PopResume: Causal Fairness Evaluation of LLM/VLM Resume Screeners with Population-Representative Dataset
New research exposes five discrimination patterns in LLM hiring tools that standard metrics completely miss.
A team of researchers led by Sumin Yu has introduced PopResume, a groundbreaking dataset designed to expose hidden biases in AI-powered resume screening systems. Unlike previous benchmarks that artificially inject demographic data, PopResume contains 60.8K resumes across five occupations, constructed using real population statistics to preserve natural relationships between attributes. The researchers employed causal fairness evaluation using path-specific effects (PSE), which separates the influence of protected attributes into two distinct paths: the 'business necessity path' mediated by job-relevant qualifications, and the 'redlining path' mediated by demographic proxies. This distinction is crucial for determining whether disparities are legally permissible or constitute illegal discrimination.
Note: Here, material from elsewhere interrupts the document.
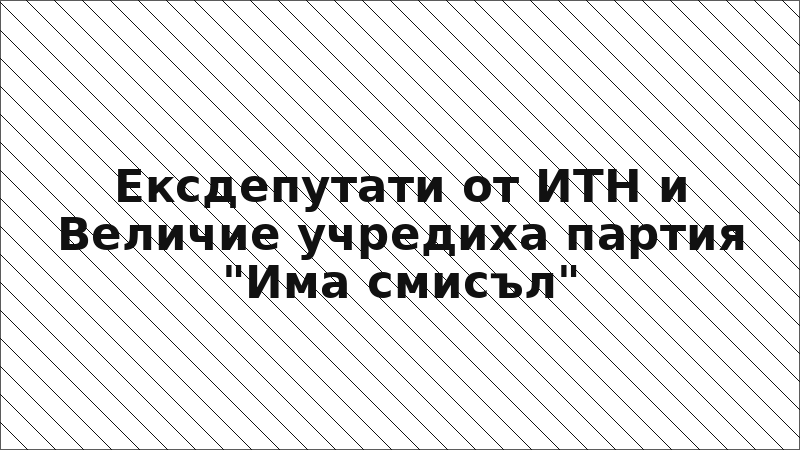Ексдепутати от ИТН и Величие учредиха партия "Има смисъл"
When testing four large language models (LLMs) and four vision-language models (VLMs) on this dataset, the study uncovered five distinct discrimination patterns that aggregate fairness metrics completely failed to detect. The research demonstrates that standard outcome-level measurements—the kind typically used in AI auditing—can mask significant bias, creating a false sense of fairness. This work represents a major advancement in AI auditing methodology, providing hiring platforms and regulators with tools to distinguish between legitimate qualification-based scoring and illegal discrimination based on demographic proxies embedded in resume formatting, language, or experience patterns.
- PopResume dataset contains 60.8K population-representative resumes across five occupations, using real statistics instead of artificial demographic injection
- Causal fairness evaluation using path-specific effects (PSE) separates legal qualification-based scoring from illegal demographic proxy bias
- Testing of 8 AI models (4 LLMs, 4 VLMs) revealed five discrimination patterns that standard aggregate metrics completely missed
Why It Matters
Provides regulators and employers with tools to audit AI hiring systems for hidden bias that current compliance checks miss.